By Jack Hauen
Premier Doug Ford played host to the rest of Canada’s provincial and territorial leaders on Monday morning in Mississauga to form a united front in asking Prime Minister Justin Trudeau for more money.
Over the weekend, Ford, Saskatchewan premier Scott Moe and New Brunswick premier Blaine Higgs committed to collaborate on nuclear reactor technology.
Just before the meeting, Ford handed out personalized Toronto Maple Leafs jerseys to the visiting premiers, some of whom looked slightly nauseated as they received the gift.
And a few of the premiers took in the Leafs game together on Saturday, Ford’s office said. The Leafs beat the Buffalo Sabres in overtime.
Ford’s office told QP Briefing last week that the premier will push on Monday to focus on issues agreeable to everyone, like health care, infrastructure and job creation.
Increasing the federal health-care spend by 5.2 per cent is important to the provinces, which are all struggling with aging populations of Baby Boomers. A signature promise of the Ford government is to end hallway health-care, which the Financial Accountability Office has warned will not change meaninfully under the current plan.
The federal increase will be a tough sell — it was first proposed in 2016 by Kathleen Wynne, and hasn’t moved forward much since then.
Quebec Premier François Legault told the Montreal Gazette he’ll push Trudeau to dole out health-care money to provinces with no strings attached instead of working directly with municipalities.

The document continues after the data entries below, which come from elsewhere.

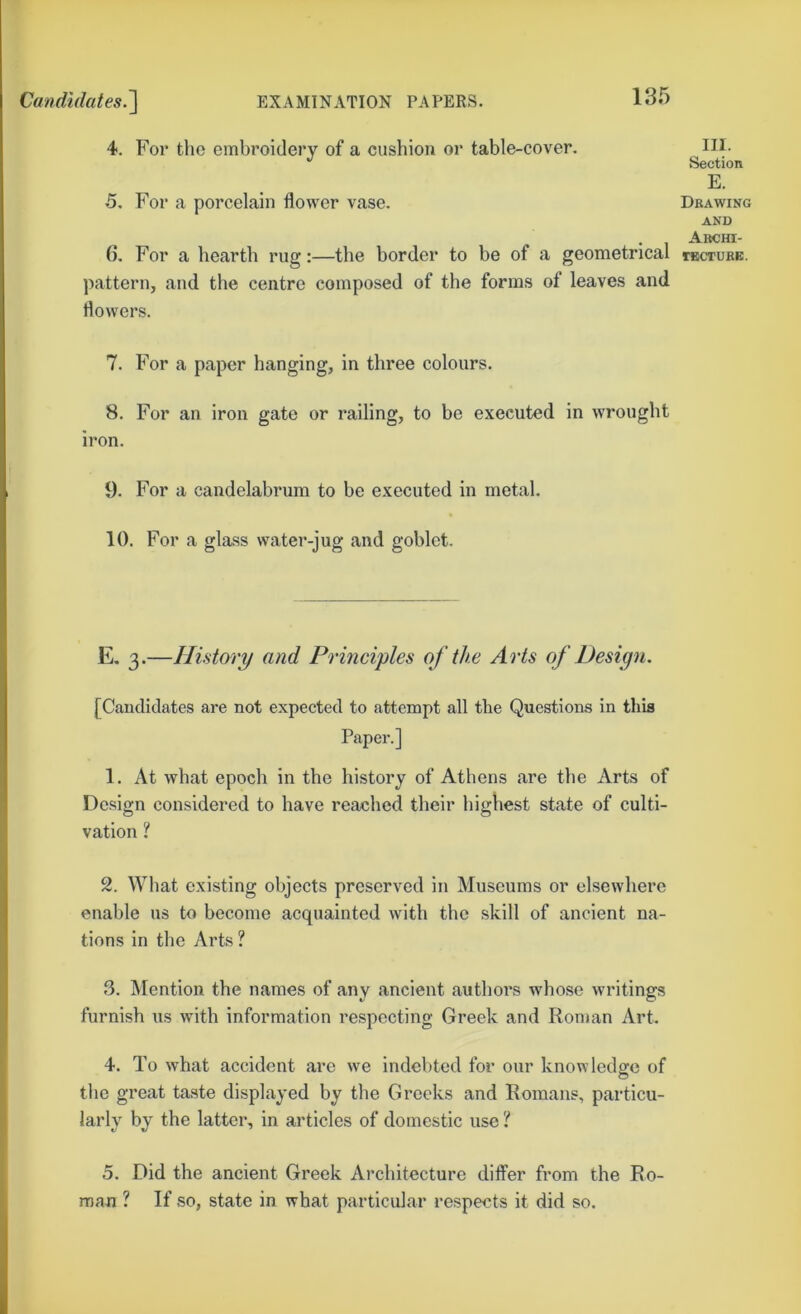 4. For the embroidery of a cushion or table-cover. 5. For a porcelain flower vase. 6. For a hearth rug:—the border to be of a geometrical pattern, and the centre composed of the forms of leaves and flowers. III. Section E. Drawing AND Archi- rECTURB. 7. For a paper hanging, in three colours. 8. For an iron gate or railing, to be executed in wrought iron. 9. For a candelabrum to he executed in metal. 10. For a glass water-jug and goblet. E. 3.—History and Principles of the Arts of Design. [Candidates are not expected to attempt all the Questions in this Paper.] 1. At what epoch in the history of Athens are the Arts of Design considered to have reached their highest state of culti- vation ? 2. What existing objects preserved in Museums or elsewhere enable us to become acquainted with the skill of ancient na- tions in the Arts ? 3. Mention the names of any ancient authors whose writings furnish us with information respecting Greek and Roman Art. 4. To what accident are we indebted for our knowledge of the great taste displayed by the Greeks and Romans, particu- larly by the latter, in articles of domestic use ? 5. Did the ancient Greek Architecture differ from the Ro- man ? If so, state in what particular respects it did so.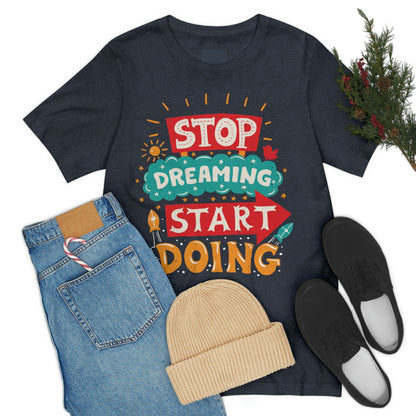 Stop Dreaming Start Doing Shirt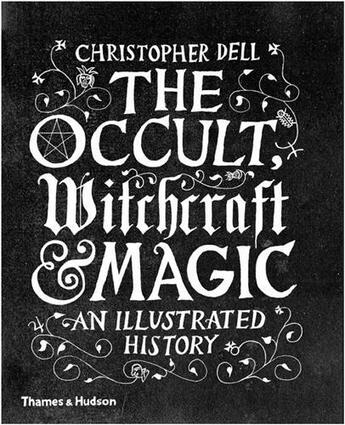 Couverture du livre « The occult, witchcraft and magic » de Christopher Dell aux éditions Thames & Hudson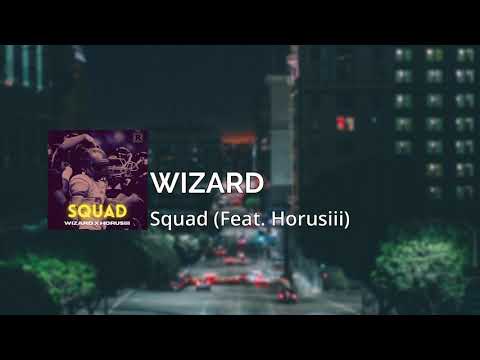 [Trap] Wizard - Squad (Feat. Horusiii)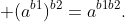  (a^{b1})^{b2}=a^{b1b2}.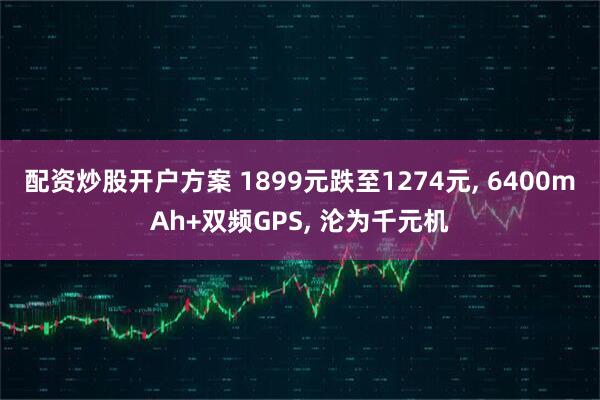 配资炒股开户方案 1899元跌至1274元, 6400mAh+双频GPS, 沦为千元机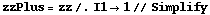 zzPlus = zz /. I1 -> 1 // Simplify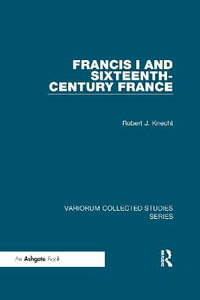 Francis I and Sixteenth-Century France : Variorum Collected Studies - Robert J. Knecht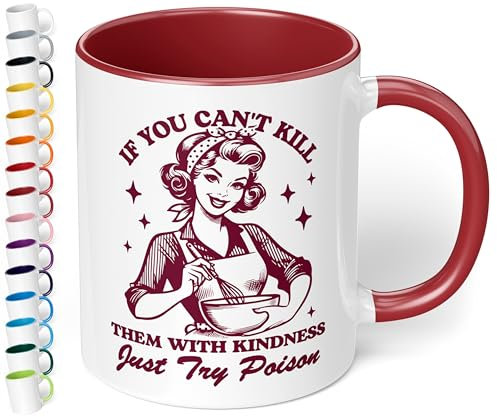 True Statements Lustige Tasse „If you cant’t kill them with kindness just try poison“ - 330ml Keramik Kaffeebecher Geschenke für Kollegen & Freunde (Bordeaux)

Another priority will be securing federal funding for the Ford government’s ambitious Greater Toronto transit expansion plan. The federal Liberals have said they will fund part of the centrepiece Ontario Line, but haven’t committed to the province’s ask for $11.4 billion of the expansion’s total $28.5 billion cost. Ford has said the province will make up whatever the feds don’t contribute, but will likely push hard for the full amount.
Keeping everyone united means avoiding the issue of Quebec’s Bill 21, which bans civil servants in the province from wearing religious symbols at work. The Ontario legislature unanimously condemned the bill, which Ford said would have “no place” in his province. But he said he won’t bring it up face-to-face with Legault.
The move is part of the premier’s adopted new role of national unifier. As alienation grows in the West after a bruising federal election campaign, Ford has said he’ll work to keep the country together, pivoting from his usual combative style into a softer, smilier version of himself.
“We have to listen to the people out West and listen to their concerns. A lot of people are struggling out West,” Ford told reporters on Thursday. “I mentioned that to the prime minister as well and he agrees. He wants to support everyone right across this country and I’m going to support the prime minister by making sure we get as much support as possible.”
He added: “We want to send the message around the world that we’re a united Canada. We’re stronger together and we’ll get over these bumps.”
In light of his new style and calls for federal Conservative Leader Andrew Scheer‘s ouster — including from Ford’s former campaign manager — the Ontario premier has been asked whether he has any interest in Scheer’s job. He has maintained that he’s staying out of federal politics and focusing on running the province.